Writing a parser with nom


#1

I’m going through The Elements of Computing Systems right now. In chapter six, the task is to write an assembler in the language of your choice. I’m doing it in Rust.

I already have a (horribly hacky) parser for the specified assembly language, but I’d like to do it a little more properly. To that end, I thought I’d use the nom crate to build the parser (I realize that this is probably massive overkill for writing an assembler, but I want to learn to do things properly in Rust while I’m at it). Here’s where I’m at: Every command instruction in the assembly language contains one of eight jump strings, specifying whether to perform a jump if the output of the command is less than, equal to, or greater than zero. For instance, “JNE” means “jump if the output is not equal to zero (i.e. either less than or greater than)”.

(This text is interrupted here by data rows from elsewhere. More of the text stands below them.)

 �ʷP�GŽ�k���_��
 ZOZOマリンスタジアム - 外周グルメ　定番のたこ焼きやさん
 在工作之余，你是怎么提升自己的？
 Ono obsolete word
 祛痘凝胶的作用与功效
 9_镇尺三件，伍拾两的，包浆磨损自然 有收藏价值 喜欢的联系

I would like to parse the eight different strings into a struct

Jump { ng: bool, zr: bool, ps: bool }

and I can basically see two ways to accomplish this using nom.

  1. Write a parsing function, i.e. a function jump(input: &str) -> IResult<&str, Jump>, by hand. This would mean that I have to implement the error handling myself.

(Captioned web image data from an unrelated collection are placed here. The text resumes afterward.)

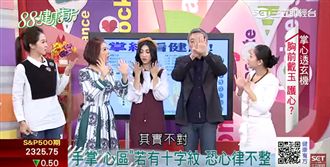 掌心暗藏健康密碼　胸前戴玉可護心？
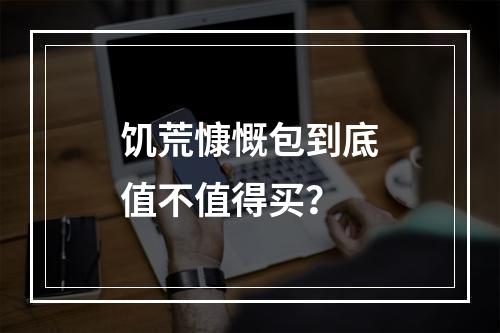 饥荒慷慨包到底值不值得买？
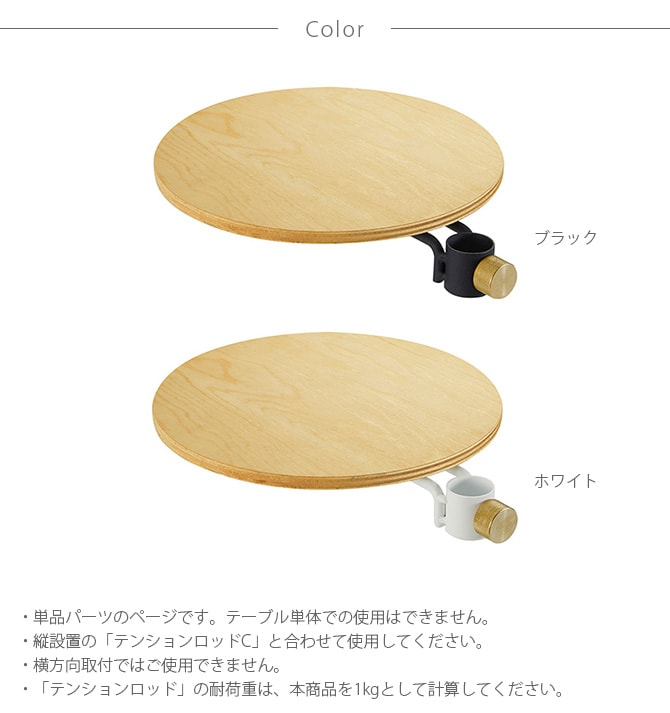 DRAW A LINE ドローアライン 006 テーブル A 単品パーツ 縦専用 つっぱり棒 突っ張り棒 伸縮 おしゃれ モノトーン 北欧 インダストリアル アイアン ツヤ消し インテリア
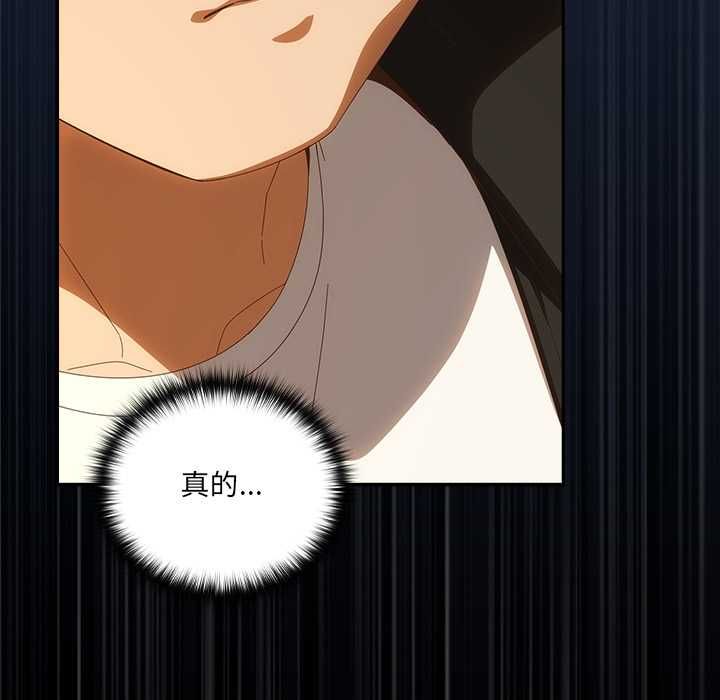 与众不同的兄妹第48話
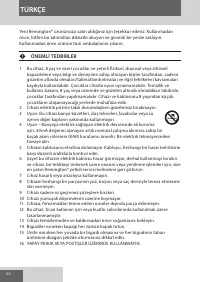 Страница 60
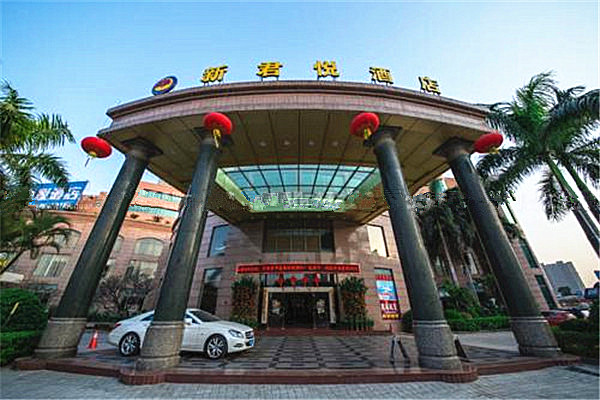 新君悦酒店加盟费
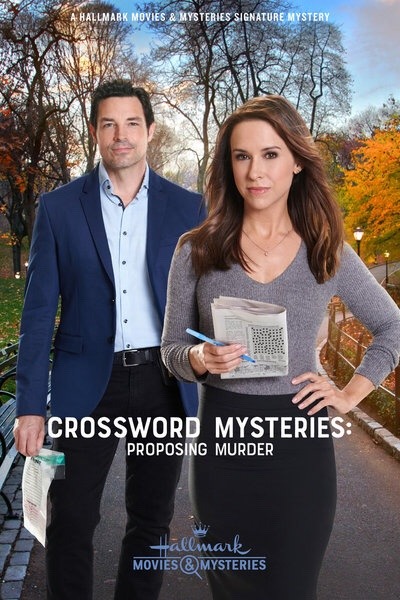 Crossword Mysteries: Proposing Murder / Загадъчни кръстословици: Предложение за убийство (2019)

  2. Write a separate parser for each of the eight strings and combine them, all using combinators.

Which of these options should I choose? Are there alternatives that I’m missing altogether? Am I completely on the wrong track with this?


#2

Does each jump instruction in your assembly language start with J? If there are no other instructions that do so you could start by recognizing “J” with the tag!() macro and then alt!() for the other two characters (assuming three-letter codes).

Could you post some more info about the jump instructions in your language?


#3

Sure. They are JLT, JGT, JEQ, JLE, JGE, JNE, JMP, and the empty string. Each of them stands for some combination of “jump if previous computation was < 0, = 0, > 0”.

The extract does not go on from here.